Эта история повторяется каждую неделю и настолько мне надоела, что о ней, наверно, не стоило бы и писать, если бы однажды… Но об этом потом. Сначала надо рассказать о каждом из членов нашей семьи.
Начнем, пожалуй, с нашей Мамы, потому что, несмотря на наглое утверждение Риса, что его родила Бабушка, а не Мама, все-таки его, негодяя, родила Мама, и из-за этого обстоятельства мы считаем Маму главной в нашей семье.

Несколько слов о нашей Маме

Наша Мама хорошая. Она умная, красивая, добрая и немного загадочная, так как работает в «ящике», то есть в секретном научно-исследовательском институте. Иногда, когда мы выходим из дома вместе, я провожаю Маму до стеклянных дверей серого здания с черной вывеской, на которой золотыми буквами написано: «Научно-исследовательский институт». А что за институт – не сказано. И Мама никогда про него ничего не говорит. Мама работает в этом институте уже три года, а я так и не знаю, что исследует этот научно-исследовательский институт. Хотя в силу природного человеческого любопытства, конечно, пытался узнать хоть немножко о Маминой работе.

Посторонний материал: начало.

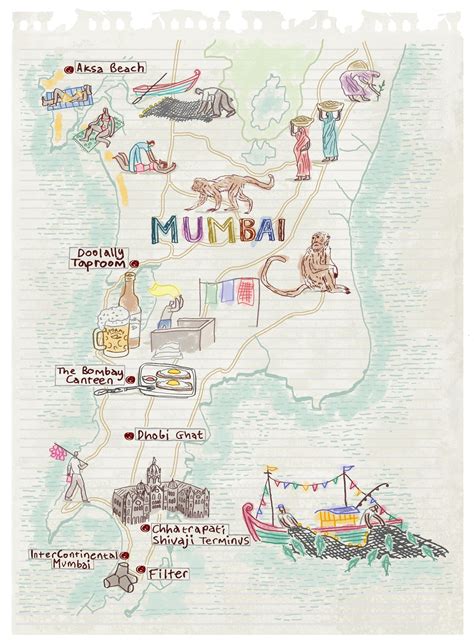 Mumbai map by Robert Littleford #map #mumbai #bombay #india | Mumbai ...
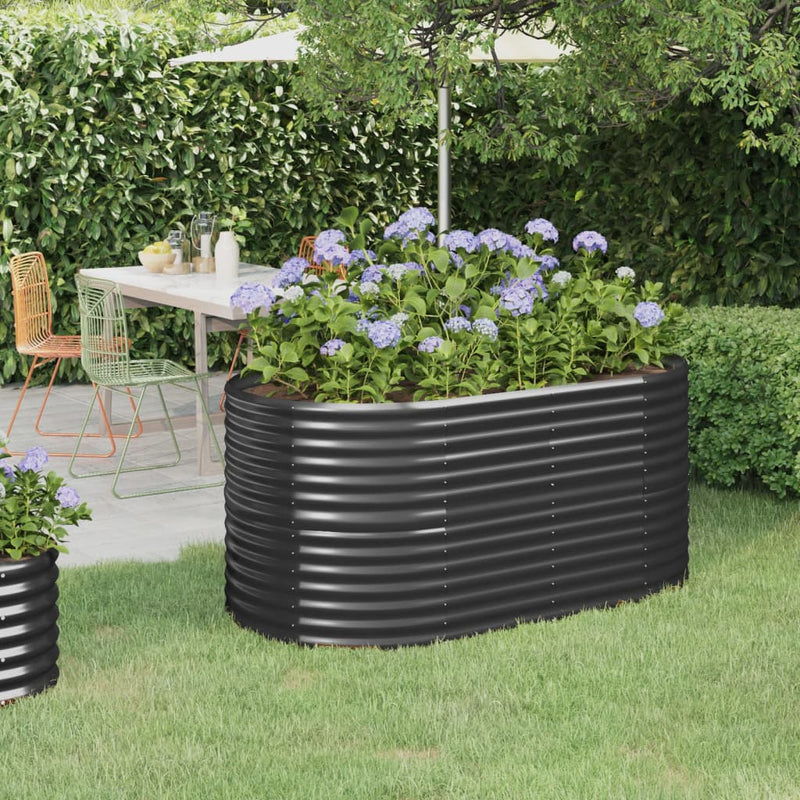 Garden Raised Bed Powder-Coated Steel 152x80x68 cm Anthracite Payday Deals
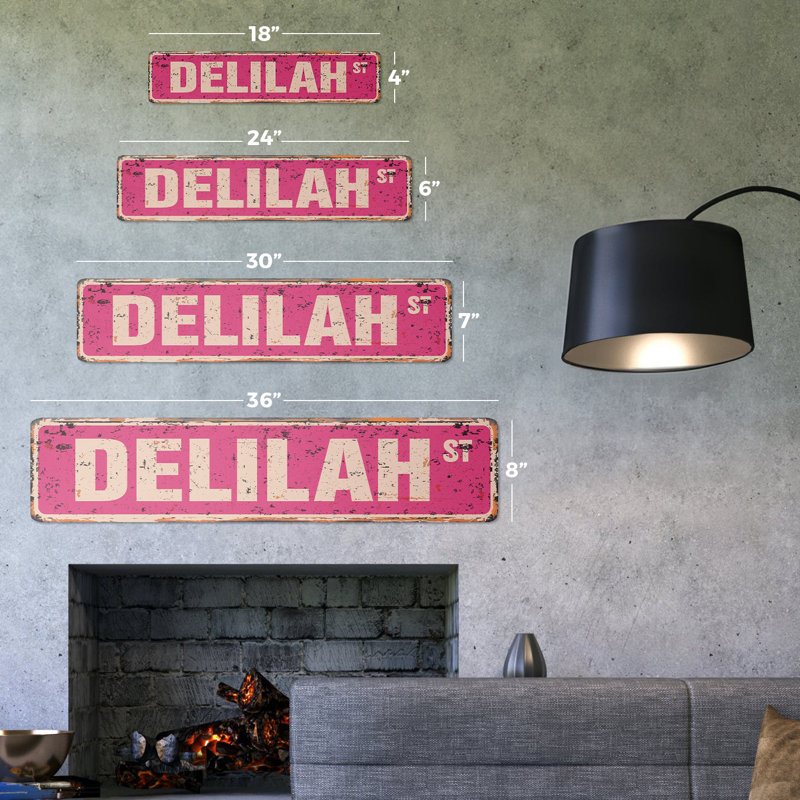 Plaque de rue en aluminium Delilah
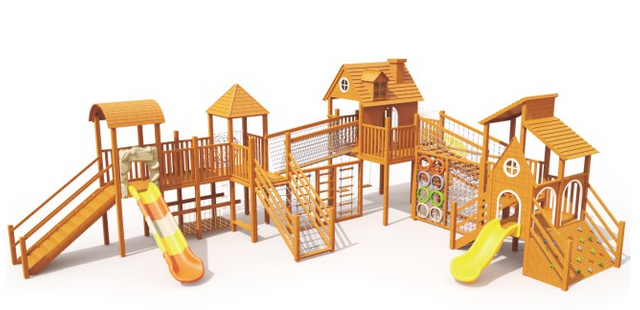 Sound Play Wooden slide log cabin series Wooden outdoor slide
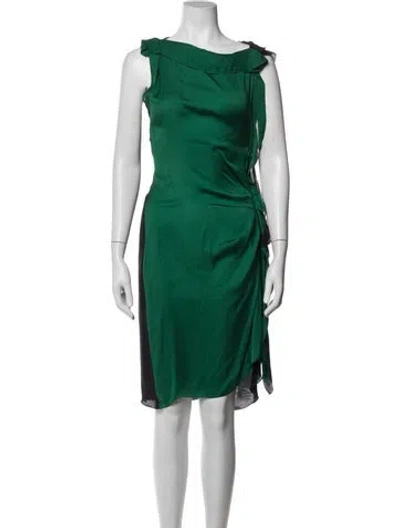 Pre-owned Lanvin Silk Midi Length Dress In Green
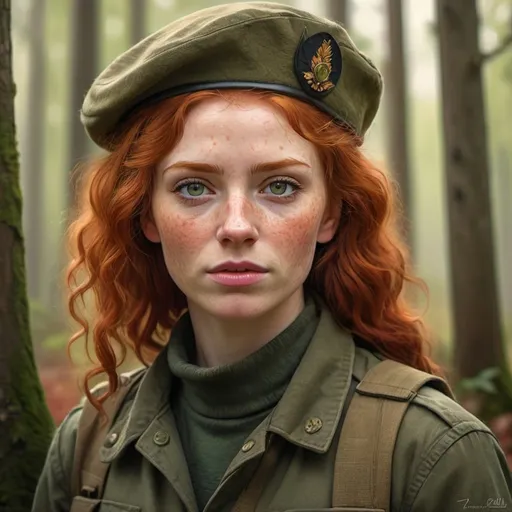 Prompt: Curly redhead in olive drab fatigues, wearing red breret, realistic digital painting, woodland environment, intense gaze, detailed freckles, high quality, realistic, natural lighting, earthy tones, atmospheric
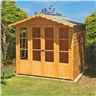 7 x 7 (2.05m x 1.98m) - Premier Wooden Summerhouse - Double Doors - Side Windows - 12mm T&g Walls & Floor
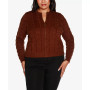 Black Label Plus Size Zip Cable Sweater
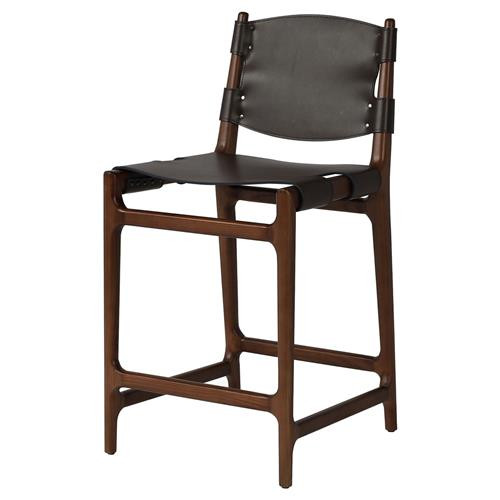 Adalyn Rustic Lodge Brown Leather Sling Seat Black Wood Counter Stool | Kathy Kuo Home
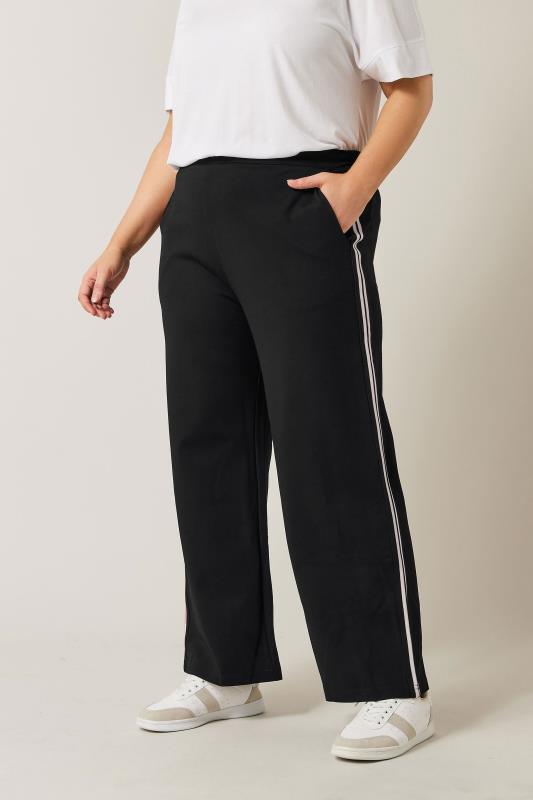 Evans EVANS Curve Black & White Side Stripe Wide Leg Trousers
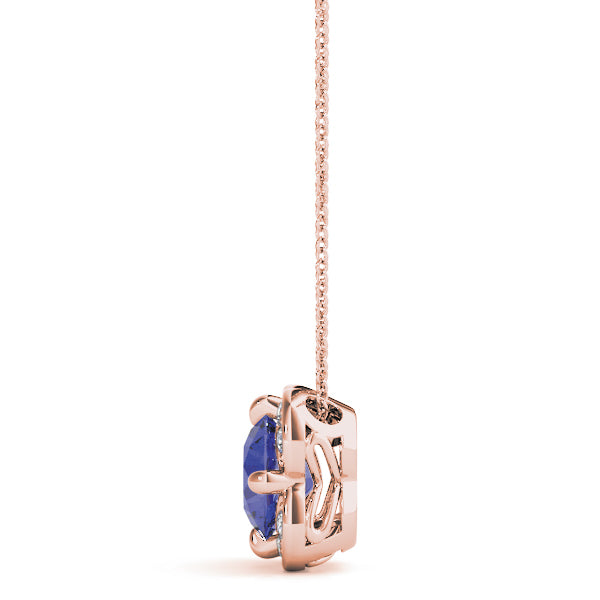 18K Rose Gold Round Diamond Halo Pendant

– Если бы это был не ты, а кто-нибудь другой, – говорила Мама в ответ на мои расспросы, – я бы подумала, что ты шпион.
И все-таки, хоть я никогда и не был шпионом, мне очень хотелось узнать, чем занимается Мамин институт. Что это за жизнь, если не знаешь, что делает твоя собственная жена?
Наша Мама – инженер по горячей обработке металла Когда я учился в десятом классе, нас водили на экскурсию в цех горячей обработки металла. Тогда мимо моего уха просвистела небольшая раскаленная болванка, и я до сих пор вспоминаю этот цех с уважением. Люди, работавшие в нем, носили металлические каски, толстые кожаные фартуки, очки-консервы и рукавицы почти до плеч. Признаться, в самом начале, когда я ухаживал за Мамой, меня очень смущала ее будущая специальность. Я представлял, как хрупкая Мама бегает по цеху, увертываясь от раскаленных болванок, в кожаном фартуке, металлическом шлеме, очках-консервах, рукавицах до плеч, а потом перебинтованную, падающую от усталости я веду ее домой, и мне было очень жалко Маму и немного себя.